One of my clients had an interesting problem yesterday. I got the call at 9:15am from their techie, who told me that the website was broken.
There were two bits of good news. Firstly, when the site's broken it presents a very nice "I'm broken" page, so at least it didn't look crap to customers. Second, I'm not responsible for that server so I didn't get the blame - I just got a "can you fix it because nobody else is available" plea.
After a few minutes, I discovered that the problem was a full disk on the partition where the database keeps its files. This struck me as a bit odd since that partition is over 50GB and the database is around 5GB, so I thought I'd have a look about on that partition.
The first thing I found was a directory that seemed to be where the backup routines store files temporarily on their way to the backup media. It had over 20GB of stuff in it, including some big archive files that were clearly not required any more - so at least this let me free up a bit of space and start up the database. With the site back up, I could relax a bit and look around with a tad less urgency.
The next discovery was an email inbox file. A 6GB one, belonging to the user ID under which all the scheduled jobs on that server run. Pause the mail server, rename it to "inbox.orig", restart the mail server and zip up the old one - another 5GB saved.
We've got lots of free space by this time, so I started to muse about why this problem had suddenly happened. What had we changed that could cause disk usage to multiply by 10?
Then the penny dropped.
In the week, the DBA had re-synchronised the databases. We run replication between that server and another, and the replicas had got a bit out of sync for reasons I won't bore you with. To re-sync stuff you basically stop the DBMS on both ends, copy the files from the master to the slave, then start up again. Both ends are usually down for about an hour, as this is how long the files take to copy (they're in different countries, so we're talking Internet link speeds, not LAN ones).

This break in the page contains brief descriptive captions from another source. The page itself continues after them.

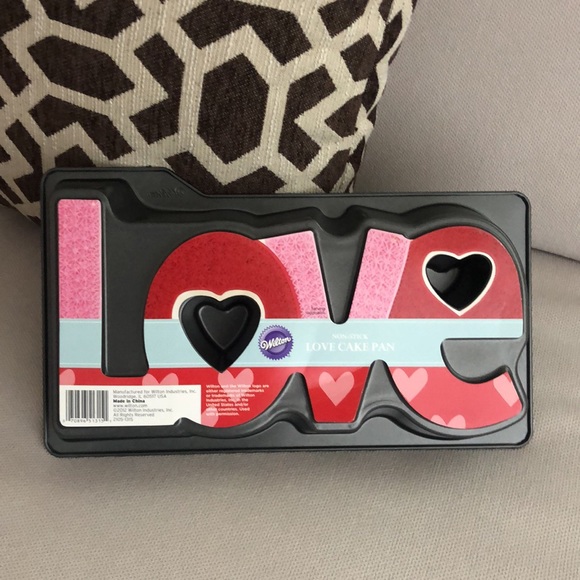 WILTON LOVE CAKE PAN NON STICK NWT - Picture 6 of 6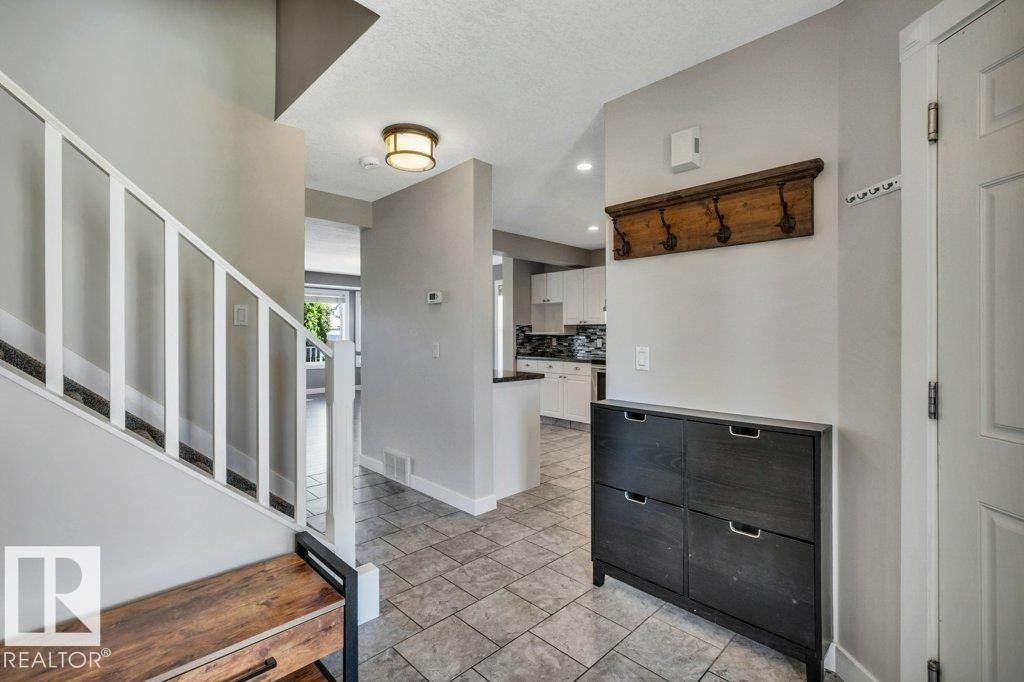19 Leyland, Spruce Grove, AB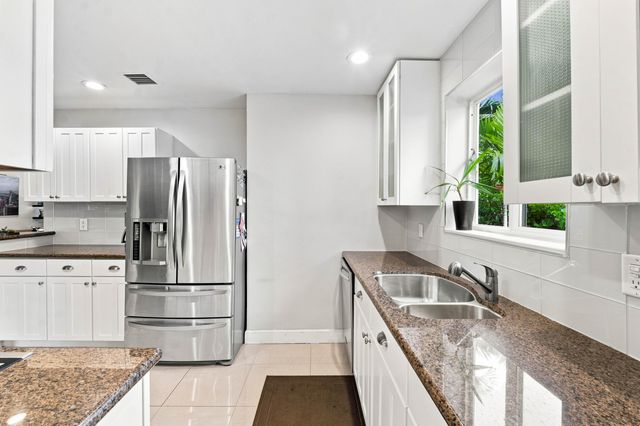 4110 NW 16TH Avenue, Oakland Park, FL 33309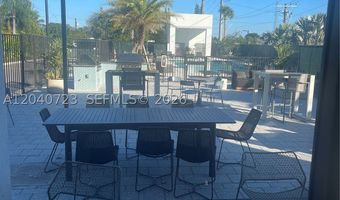 2880 NE 203rd St 34B, Aventura, FL 33180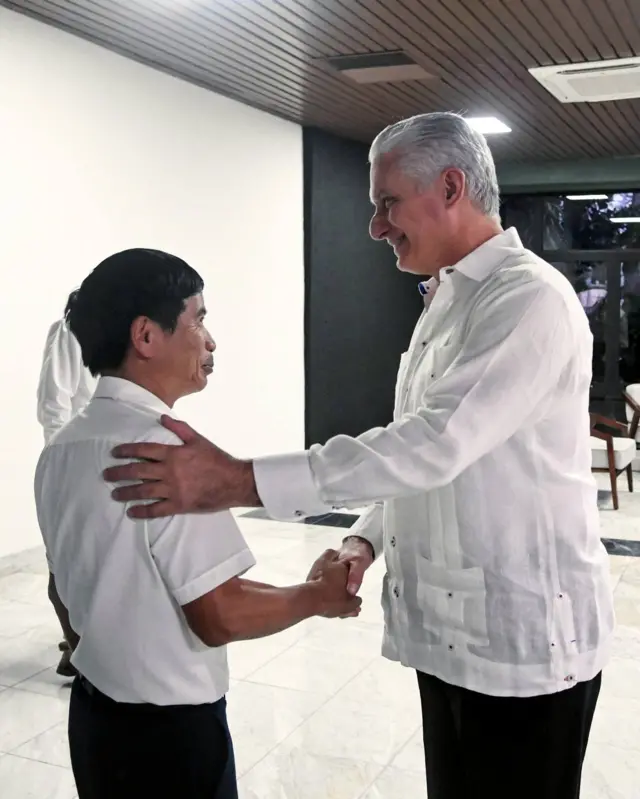 Chủ tịch Cuba Díaz-Canel đã gặp doanh nhân Nguyễn Văn Quang, chủ tịch công ty Agri-VMA, đơn vị đang phát triển các dự án sản xuất lúa gạo tại Los Palacios, Pinar del Río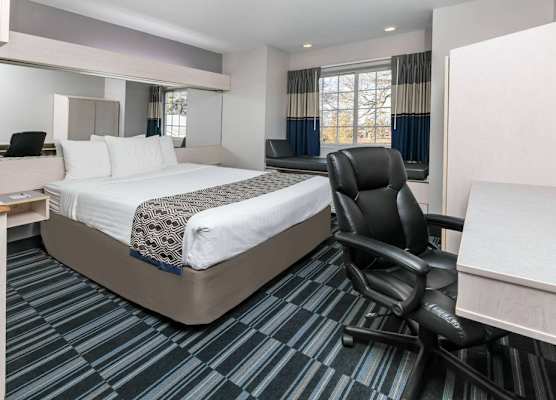 Microtel Inn and Suites Lafayette 1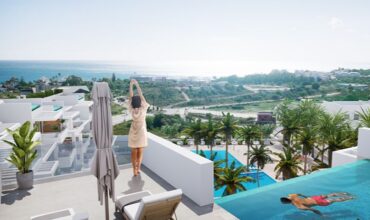 3 bed Penthouse with sea views and a private pool in Estepona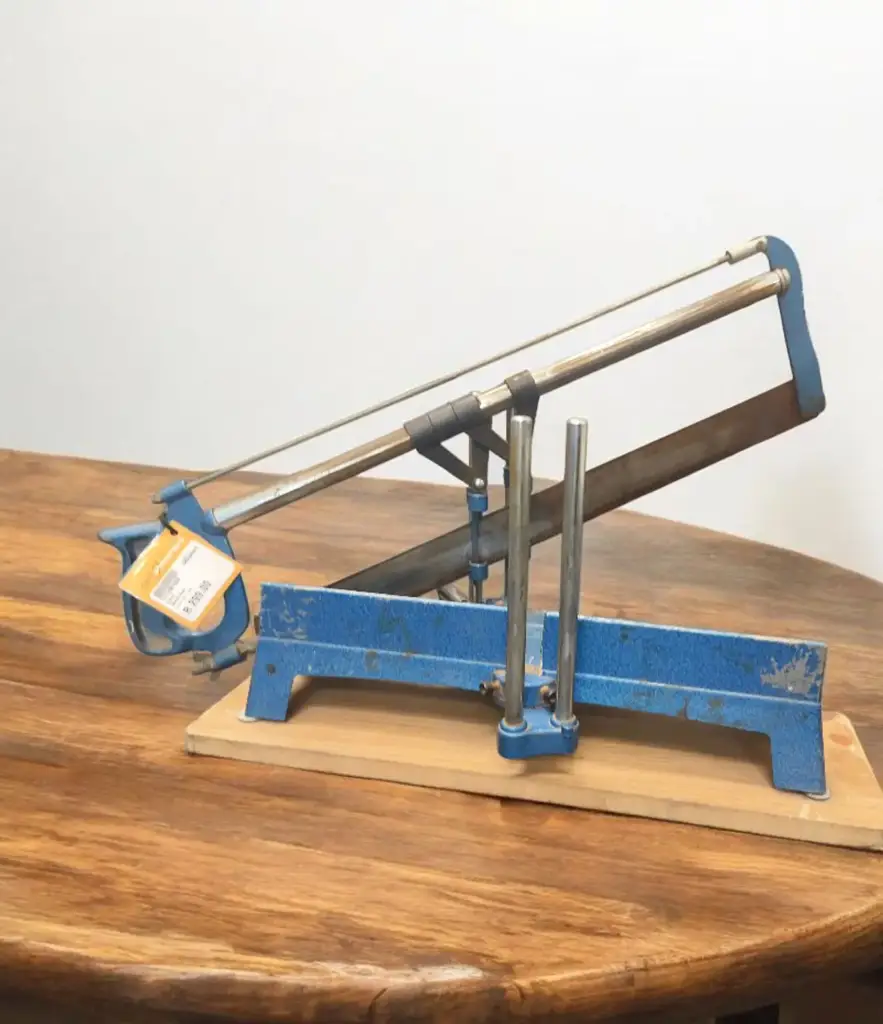 Manual Miter Saw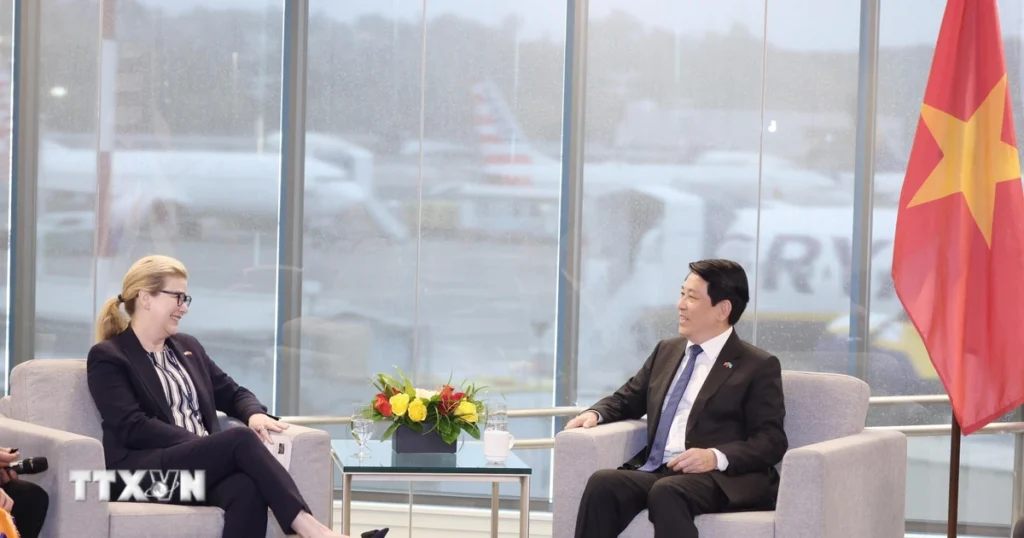 Hoạt động của Chủ tịch nước Lương Cường tại thành phố Seattle 1 chu tich nuoc tiep boeing 6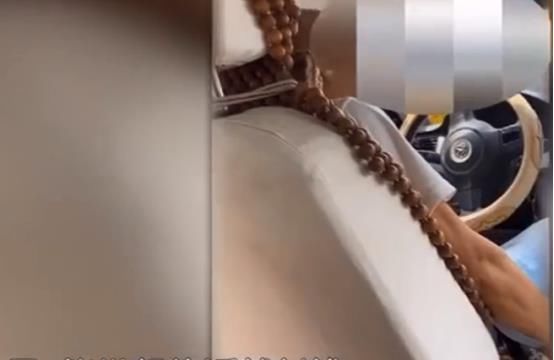 司机|乘客质疑车费高，出租司机上手抢发票！嚣张喊话：坐不起就坐公交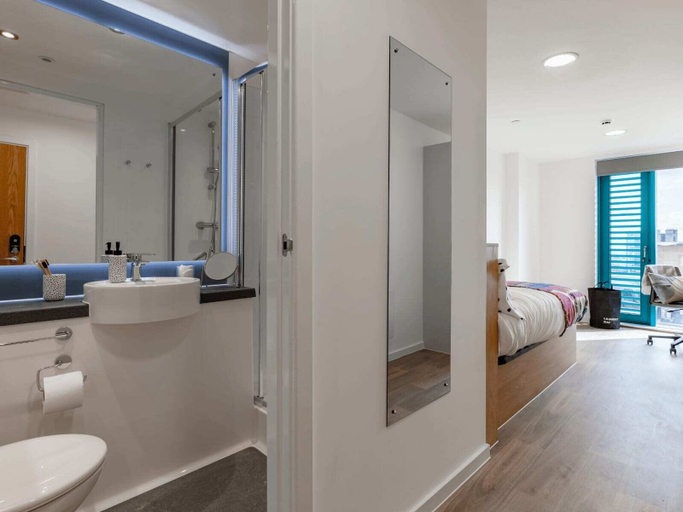 Bathroom 3, For Students Only - Ty Nant in Swansea - Campus Accommodation, Swansea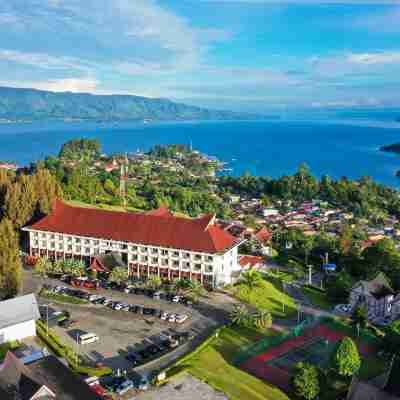 Niagara Hotel Lake Toba & Resorts Hotel Exterior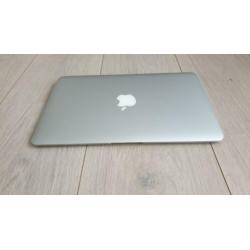 MacBook Air 11" i5 4GB 121GB Opslag Early 2014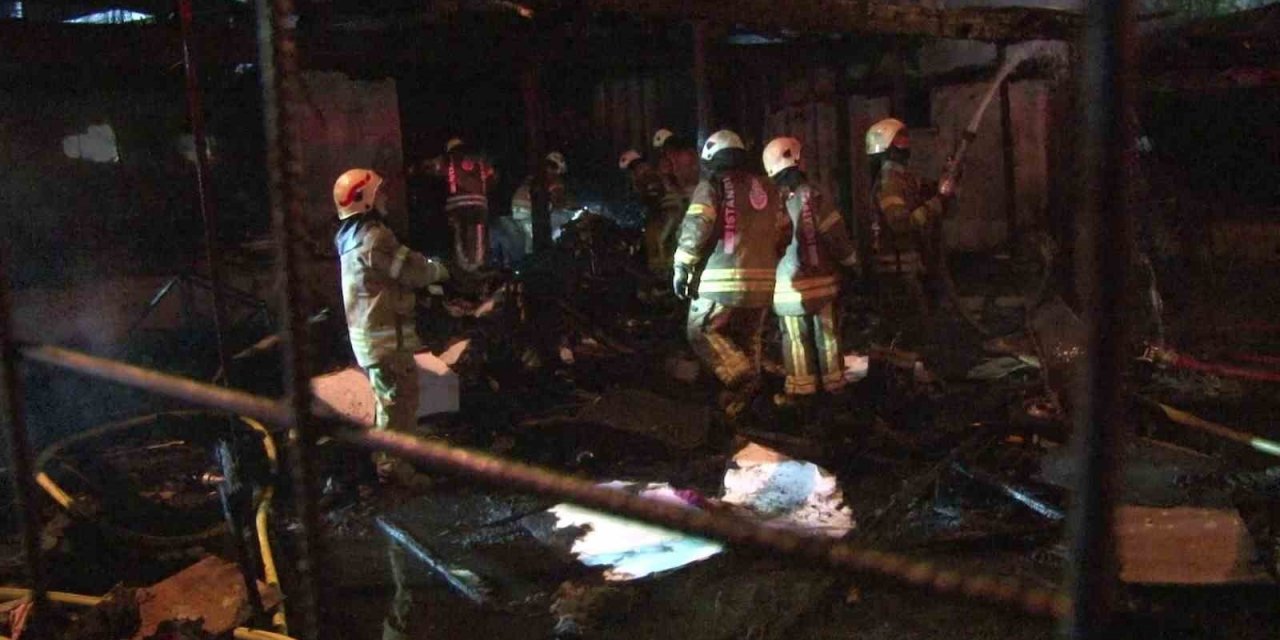 Esenyurt’ta ikinci el eşya dükkanı alev alev yandı: Alevler yan tarafındaki binaya sıçradı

Now, whenever someone goes to the website and it experiences a database error, it logs that fact and emails the sysadmin. There's also a scheduled job that runs every minute that checks the database and does the same log-and-email process in the event of a problem. The job scheduler sends an email to the sysadmin to say when it's done a scheduled job. Then there's the backup job that archives the files on disk and copies them off to a temporary location for writing to backing store.
When everything is running fine, then, all you get is a small email entry in the inbox for each scheduled run, and there's no noticeable increase in disk space used. But when the database is down, you get not just the scheduler's email entry but also that of the email alert the database checker is sending out, and once you've had a few thousand of those the backup routine goes and duplicates it for you. So any problems get magnified and then duly copied! Thankfully we didn't also have the log files writing to that partition - it'd have filled up even faster if we did.
The moral of the story? There are several:
1. Did anyone ever read this email inbox that had grown to 6GB? Probably not - it was only used by programs on that server for routine notifications. We could probably turn off the notifications altogether.
2. If you have monitoring systems, consider how they'll behave when something goes wrong. For instance, do you really want 5,000 notifications when the database is down, or do you want it to stop bugging you after the fifth attempt?
3. If you do something unusual to your server, watch it like a hawk afterwards.